Из сказанного можно сделать следующий вывод: приведенные факты еще раз доказывают, и на мой взгляд, убедительно, что структура советской контрразведки как на местах, так и в центре была в 1920-е гг. далека от совершенства, не в полной мере отвечала реалиям оперативной обстановки. Как это ни покажется странным, но польское отделение КРО оказалось оттесненным с первых ролей. Объективных причин тому пока не найдено. Согласно установкам руководящих военно-политических инстанций, Польша и ее спецслужбы были главным противником для чекистов, поэтому следовало ставить во главу угла именно польское отделение. А раз это сделано не было, то, значит, свою роль сыграли, скорее всего, субъективные факторы. Еще раз обращусь к воспоминаниям сотрудника КРО ОГПУ Е. Каца, хранящимся в моем личном архиве. Он однозначно говорил о предвзятом отношении Г. Ягоды лично к Науиокайтису и всему его отделению. Заместитель председателя ГПУ-ОГПУ и одновременно главный кадровик ведомства несколько раз инициировал проверки этого подразделения и однажды даже довел до нервного срыва одного из сотрудников своими мелочными придирками. Но пока оппоненты Г. Ягоды по оперативным вопросам — заместитель начальника КРО ОГПУ Р. Пиляр и сменивший его Я. Ольский — курировали польское отделение, Науиокайтис оставался на своем посту, хотя был обойден поощрениями и наградами. Повысить статус отделения внутри Контрразведывательного отдела им, видимо, было не по силам.

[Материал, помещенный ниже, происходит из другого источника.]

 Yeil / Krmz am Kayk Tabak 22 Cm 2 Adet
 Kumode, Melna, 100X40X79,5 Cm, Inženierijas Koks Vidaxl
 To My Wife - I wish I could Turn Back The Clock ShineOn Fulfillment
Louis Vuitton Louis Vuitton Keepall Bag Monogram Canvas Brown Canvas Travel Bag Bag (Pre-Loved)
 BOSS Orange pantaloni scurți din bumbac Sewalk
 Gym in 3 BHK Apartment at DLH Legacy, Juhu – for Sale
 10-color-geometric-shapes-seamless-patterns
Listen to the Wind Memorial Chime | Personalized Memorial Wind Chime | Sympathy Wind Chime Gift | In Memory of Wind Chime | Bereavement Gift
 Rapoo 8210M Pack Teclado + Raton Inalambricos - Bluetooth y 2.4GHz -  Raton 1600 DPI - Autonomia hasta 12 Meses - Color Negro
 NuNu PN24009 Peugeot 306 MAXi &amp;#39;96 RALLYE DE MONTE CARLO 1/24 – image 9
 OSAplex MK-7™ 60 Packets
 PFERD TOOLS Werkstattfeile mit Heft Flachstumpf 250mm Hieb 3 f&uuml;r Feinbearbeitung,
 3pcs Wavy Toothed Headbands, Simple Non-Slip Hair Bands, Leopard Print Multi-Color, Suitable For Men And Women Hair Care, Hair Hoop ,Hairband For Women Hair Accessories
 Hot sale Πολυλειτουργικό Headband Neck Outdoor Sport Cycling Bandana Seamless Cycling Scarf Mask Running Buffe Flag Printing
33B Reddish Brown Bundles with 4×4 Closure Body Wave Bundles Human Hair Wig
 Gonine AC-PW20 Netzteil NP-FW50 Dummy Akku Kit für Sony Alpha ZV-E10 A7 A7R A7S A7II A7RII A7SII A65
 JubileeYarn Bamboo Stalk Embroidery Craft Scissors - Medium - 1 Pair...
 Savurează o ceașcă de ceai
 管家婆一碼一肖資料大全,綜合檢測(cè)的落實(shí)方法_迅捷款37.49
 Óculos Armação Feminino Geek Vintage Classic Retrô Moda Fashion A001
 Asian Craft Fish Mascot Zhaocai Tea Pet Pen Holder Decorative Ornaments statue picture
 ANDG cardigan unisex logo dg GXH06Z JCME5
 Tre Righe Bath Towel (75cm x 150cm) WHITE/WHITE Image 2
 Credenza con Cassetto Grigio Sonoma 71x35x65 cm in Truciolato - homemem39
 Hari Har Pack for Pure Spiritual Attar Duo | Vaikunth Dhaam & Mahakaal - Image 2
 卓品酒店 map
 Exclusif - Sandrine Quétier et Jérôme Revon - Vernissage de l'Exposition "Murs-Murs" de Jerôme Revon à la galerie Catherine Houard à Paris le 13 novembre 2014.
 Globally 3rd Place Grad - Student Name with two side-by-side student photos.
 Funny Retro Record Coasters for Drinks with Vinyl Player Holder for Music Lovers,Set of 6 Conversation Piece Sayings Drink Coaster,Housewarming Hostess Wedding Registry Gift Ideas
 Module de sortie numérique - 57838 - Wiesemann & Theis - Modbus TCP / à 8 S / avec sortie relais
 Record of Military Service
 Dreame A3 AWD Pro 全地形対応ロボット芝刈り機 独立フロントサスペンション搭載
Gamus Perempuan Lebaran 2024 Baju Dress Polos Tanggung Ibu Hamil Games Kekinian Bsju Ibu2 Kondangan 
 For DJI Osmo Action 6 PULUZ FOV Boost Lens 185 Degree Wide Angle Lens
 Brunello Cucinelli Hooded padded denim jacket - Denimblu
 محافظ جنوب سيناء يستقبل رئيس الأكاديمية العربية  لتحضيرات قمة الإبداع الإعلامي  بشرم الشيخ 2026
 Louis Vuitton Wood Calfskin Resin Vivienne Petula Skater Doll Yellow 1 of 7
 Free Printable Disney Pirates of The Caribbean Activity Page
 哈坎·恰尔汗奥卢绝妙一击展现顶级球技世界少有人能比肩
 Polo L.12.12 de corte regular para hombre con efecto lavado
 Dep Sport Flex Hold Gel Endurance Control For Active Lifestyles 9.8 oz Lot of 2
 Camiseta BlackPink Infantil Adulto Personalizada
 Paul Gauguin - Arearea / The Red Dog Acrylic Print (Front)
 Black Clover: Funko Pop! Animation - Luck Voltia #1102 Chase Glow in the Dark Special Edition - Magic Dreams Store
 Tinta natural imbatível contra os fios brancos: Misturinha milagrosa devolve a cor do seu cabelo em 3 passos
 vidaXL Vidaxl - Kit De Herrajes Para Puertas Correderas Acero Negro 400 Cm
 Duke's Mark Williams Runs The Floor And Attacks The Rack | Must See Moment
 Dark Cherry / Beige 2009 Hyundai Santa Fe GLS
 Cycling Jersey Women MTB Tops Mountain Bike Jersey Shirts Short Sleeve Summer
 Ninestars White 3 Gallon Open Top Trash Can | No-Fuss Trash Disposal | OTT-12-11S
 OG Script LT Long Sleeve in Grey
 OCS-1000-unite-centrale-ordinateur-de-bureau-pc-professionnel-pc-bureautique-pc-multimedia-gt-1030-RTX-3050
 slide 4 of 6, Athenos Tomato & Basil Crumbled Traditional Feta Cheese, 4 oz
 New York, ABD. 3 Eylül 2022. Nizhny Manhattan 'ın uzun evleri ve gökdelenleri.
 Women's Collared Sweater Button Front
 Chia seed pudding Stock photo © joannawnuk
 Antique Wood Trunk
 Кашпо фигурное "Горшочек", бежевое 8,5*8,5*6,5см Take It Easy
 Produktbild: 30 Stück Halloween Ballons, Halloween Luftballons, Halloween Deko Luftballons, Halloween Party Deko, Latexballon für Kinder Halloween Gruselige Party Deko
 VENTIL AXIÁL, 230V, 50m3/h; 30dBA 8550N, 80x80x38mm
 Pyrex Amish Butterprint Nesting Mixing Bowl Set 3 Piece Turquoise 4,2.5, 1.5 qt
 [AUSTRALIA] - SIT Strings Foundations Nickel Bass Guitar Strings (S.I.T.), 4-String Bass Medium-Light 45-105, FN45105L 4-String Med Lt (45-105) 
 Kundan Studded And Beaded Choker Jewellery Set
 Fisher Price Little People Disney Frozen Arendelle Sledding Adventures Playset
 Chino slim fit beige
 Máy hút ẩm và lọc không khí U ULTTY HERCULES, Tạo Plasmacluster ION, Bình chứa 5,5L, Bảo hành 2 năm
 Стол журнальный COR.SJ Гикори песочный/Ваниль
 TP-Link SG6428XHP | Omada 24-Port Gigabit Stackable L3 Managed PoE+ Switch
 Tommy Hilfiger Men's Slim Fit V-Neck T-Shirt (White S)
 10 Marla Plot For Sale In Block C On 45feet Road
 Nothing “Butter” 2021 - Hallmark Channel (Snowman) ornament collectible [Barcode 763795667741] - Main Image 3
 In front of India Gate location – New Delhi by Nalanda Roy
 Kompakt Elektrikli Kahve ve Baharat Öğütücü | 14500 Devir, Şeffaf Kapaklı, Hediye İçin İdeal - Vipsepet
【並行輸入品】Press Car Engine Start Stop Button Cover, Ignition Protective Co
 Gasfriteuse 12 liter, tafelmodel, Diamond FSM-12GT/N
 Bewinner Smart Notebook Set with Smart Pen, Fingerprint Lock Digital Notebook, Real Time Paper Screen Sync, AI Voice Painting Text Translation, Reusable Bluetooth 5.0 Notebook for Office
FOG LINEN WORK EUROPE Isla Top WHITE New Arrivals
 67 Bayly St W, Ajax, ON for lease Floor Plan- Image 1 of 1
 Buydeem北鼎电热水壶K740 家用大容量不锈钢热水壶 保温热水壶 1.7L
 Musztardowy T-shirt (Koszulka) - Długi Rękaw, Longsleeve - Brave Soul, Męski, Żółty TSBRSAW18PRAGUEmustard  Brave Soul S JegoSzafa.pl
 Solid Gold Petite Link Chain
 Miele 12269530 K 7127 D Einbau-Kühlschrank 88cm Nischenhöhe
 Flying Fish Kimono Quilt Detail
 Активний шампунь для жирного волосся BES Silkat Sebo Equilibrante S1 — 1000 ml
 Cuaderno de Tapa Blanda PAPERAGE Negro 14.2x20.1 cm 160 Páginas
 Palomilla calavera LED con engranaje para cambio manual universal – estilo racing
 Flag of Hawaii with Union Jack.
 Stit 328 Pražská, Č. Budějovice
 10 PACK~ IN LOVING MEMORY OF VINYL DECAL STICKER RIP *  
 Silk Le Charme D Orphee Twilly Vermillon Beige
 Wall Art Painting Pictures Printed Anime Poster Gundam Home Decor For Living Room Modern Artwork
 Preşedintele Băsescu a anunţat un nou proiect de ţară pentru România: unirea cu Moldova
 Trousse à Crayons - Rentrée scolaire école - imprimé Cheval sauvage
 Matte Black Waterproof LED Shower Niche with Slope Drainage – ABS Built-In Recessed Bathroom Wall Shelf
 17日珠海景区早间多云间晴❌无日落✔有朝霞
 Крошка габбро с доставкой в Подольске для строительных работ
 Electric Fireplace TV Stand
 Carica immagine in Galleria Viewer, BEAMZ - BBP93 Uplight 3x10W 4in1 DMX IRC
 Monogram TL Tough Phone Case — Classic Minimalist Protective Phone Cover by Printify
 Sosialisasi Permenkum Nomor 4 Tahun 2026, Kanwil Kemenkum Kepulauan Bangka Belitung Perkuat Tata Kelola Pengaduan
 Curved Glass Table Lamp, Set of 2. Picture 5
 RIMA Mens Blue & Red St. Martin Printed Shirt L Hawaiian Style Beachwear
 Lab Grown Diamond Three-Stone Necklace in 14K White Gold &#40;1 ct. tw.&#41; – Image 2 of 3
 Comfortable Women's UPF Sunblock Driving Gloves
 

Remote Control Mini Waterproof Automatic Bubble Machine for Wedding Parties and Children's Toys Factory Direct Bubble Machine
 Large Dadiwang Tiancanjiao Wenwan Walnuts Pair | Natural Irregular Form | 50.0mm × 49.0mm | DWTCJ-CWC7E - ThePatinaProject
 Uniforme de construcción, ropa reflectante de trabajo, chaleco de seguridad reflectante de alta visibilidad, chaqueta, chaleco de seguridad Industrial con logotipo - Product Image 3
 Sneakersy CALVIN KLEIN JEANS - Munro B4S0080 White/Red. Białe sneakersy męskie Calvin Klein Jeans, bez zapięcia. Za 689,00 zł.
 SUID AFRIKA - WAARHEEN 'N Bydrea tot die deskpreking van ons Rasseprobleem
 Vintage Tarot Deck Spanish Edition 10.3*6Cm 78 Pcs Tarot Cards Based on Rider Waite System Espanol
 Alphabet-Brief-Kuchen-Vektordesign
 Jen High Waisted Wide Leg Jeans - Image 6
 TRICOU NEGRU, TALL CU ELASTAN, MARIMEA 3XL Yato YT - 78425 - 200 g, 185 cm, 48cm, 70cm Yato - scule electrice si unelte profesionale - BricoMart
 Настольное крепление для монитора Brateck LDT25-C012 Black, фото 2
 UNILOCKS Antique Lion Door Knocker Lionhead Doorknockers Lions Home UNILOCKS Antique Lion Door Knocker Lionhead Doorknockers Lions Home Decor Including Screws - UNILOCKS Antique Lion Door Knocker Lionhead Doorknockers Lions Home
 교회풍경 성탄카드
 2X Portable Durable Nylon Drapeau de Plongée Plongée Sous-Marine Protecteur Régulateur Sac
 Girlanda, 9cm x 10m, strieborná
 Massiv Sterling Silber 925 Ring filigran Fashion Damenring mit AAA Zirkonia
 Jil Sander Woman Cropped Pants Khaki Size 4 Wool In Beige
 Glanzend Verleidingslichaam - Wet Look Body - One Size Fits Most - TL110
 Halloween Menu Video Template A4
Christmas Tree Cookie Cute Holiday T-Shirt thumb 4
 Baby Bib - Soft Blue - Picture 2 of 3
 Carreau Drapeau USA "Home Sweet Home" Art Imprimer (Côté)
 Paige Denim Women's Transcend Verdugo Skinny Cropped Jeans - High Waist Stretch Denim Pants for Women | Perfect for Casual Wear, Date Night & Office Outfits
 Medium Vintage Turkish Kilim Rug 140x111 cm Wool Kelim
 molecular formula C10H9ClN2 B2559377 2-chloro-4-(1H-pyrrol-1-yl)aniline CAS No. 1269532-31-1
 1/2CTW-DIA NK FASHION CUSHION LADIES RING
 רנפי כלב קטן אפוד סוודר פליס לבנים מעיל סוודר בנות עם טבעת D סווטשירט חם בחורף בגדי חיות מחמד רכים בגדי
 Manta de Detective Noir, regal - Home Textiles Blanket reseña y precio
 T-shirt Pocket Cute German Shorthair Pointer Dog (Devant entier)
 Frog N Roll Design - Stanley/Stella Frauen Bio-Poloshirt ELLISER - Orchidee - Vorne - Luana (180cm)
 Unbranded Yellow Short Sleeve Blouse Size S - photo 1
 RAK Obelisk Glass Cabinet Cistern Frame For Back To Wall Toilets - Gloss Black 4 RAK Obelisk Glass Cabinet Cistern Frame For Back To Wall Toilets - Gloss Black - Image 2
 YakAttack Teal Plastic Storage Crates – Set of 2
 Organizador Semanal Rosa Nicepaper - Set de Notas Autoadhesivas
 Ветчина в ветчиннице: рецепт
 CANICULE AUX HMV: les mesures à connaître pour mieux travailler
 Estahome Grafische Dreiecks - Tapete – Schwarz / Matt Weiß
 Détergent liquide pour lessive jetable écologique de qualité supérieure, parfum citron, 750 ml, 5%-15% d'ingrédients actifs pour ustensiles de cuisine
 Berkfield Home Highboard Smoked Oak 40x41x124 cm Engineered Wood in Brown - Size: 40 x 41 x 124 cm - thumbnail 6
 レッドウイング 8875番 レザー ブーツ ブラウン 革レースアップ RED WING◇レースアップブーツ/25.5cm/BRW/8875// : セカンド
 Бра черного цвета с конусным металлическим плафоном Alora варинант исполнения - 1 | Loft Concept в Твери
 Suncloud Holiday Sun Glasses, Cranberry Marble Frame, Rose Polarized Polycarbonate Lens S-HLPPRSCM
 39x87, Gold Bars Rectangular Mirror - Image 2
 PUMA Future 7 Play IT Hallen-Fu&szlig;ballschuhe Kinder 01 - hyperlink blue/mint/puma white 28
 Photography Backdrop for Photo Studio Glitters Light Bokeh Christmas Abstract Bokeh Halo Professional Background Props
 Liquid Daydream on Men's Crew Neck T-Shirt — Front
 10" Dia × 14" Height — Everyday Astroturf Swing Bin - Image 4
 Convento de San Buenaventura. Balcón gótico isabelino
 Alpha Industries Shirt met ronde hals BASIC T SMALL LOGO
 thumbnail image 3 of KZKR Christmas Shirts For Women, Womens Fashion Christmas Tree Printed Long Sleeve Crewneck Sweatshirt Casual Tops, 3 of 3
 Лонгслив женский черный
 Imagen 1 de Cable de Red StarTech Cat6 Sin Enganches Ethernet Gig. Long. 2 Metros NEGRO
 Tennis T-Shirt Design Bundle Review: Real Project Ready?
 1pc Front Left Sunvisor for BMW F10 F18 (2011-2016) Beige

К вышесказанному следует добавить несколько слов о позиции начальника КРО ОГПУ А. Артузова. Явным его фаворитом являлся, конечно же, И. Сосновский, который руководил 6-м отделением. Именно его А. Артузов особо выделял из всех подчиненных. Сосновский был поляком по национальности, бывшим резидентом польской разведки, достаточно успешным оперативным сотрудником ВЧК-ОГПУ. Доверяя ему разработку савинковцев по делу «С-2», начальник советской контрразведки не мог не понимать того, что многое в этом деле будет связано с польской разведкой. Ведь сам Савинков и его организация «Народный союз защиты родины и свободы» (НСЗРС) действовали с территории Польши, были тесно связаны со 2-м отделом ПГШ и находились под полным его контролем. Оперативные работники и агентура, работавшие по «С-2», неоднократно направлялись в Польшу, вступали там в контакт не только с савинковцами, но и с ответственными офицерами разведки этой страны. В Москве связь легендированной чекистами организации с Савинковым осуществлялась при помощи специально созданной поляками резидентуры «Р-7/1» 2-го отдела ПГШ. Дезинформационные материалы передавались в основном именно польской разведке. Казалось бы, в силу указанных обстоятельств однозначно напрашивалось необходимое решение, а именно создание объединенной оперативной группы из сотрудников 3-го (польского) и 6-го отделений КРО ОГПУ. Начальнику польского отделения (сначала Витковскому, позднее Маковскому, а затем и Науиокайтису) надлежало бы быть, как минимум, заместителем руководителя этой группы. Однако такого решения принято так и не было. Ничем иным как субъективными причинами объяснить данный факт нельзя. Вероятно, Артузов стремился вновь и вновь доказать своему заместителю Пиляру (крайне отрицательно относившемуся к Сосновскому), что не напрасно добился зачисления бывшего польского резидента на штатную работу в аппарат советской контрразведки, а далее и назначения начальником наиболее значимого отделения. Артузов постоянно демонстрировал, что Сосновскому можно доверять, что последний — самый толковый и удачливый контрразведчик, способнейший агентурист. Отчасти так оно и было.